Brief
Return, character for character, the lines from the one bearing "4832 49 Street, Hardisty, AB - Indoor" through the end of the material. Omit everything before that line.

Supplied information

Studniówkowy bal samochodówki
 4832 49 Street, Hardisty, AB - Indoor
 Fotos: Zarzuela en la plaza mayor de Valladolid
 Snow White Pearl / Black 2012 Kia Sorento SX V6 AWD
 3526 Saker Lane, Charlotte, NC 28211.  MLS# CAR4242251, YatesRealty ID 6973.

Exercise output
 4832 49 Street, Hardisty, AB - Indoor
 Fotos: Zarzuela en la plaza mayor de Valladolid
 Snow White Pearl / Black 2012 Kia Sorento SX V6 AWD
 3526 Saker Lane, Charlotte, NC 28211.  MLS# CAR4242251, YatesRealty ID 6973.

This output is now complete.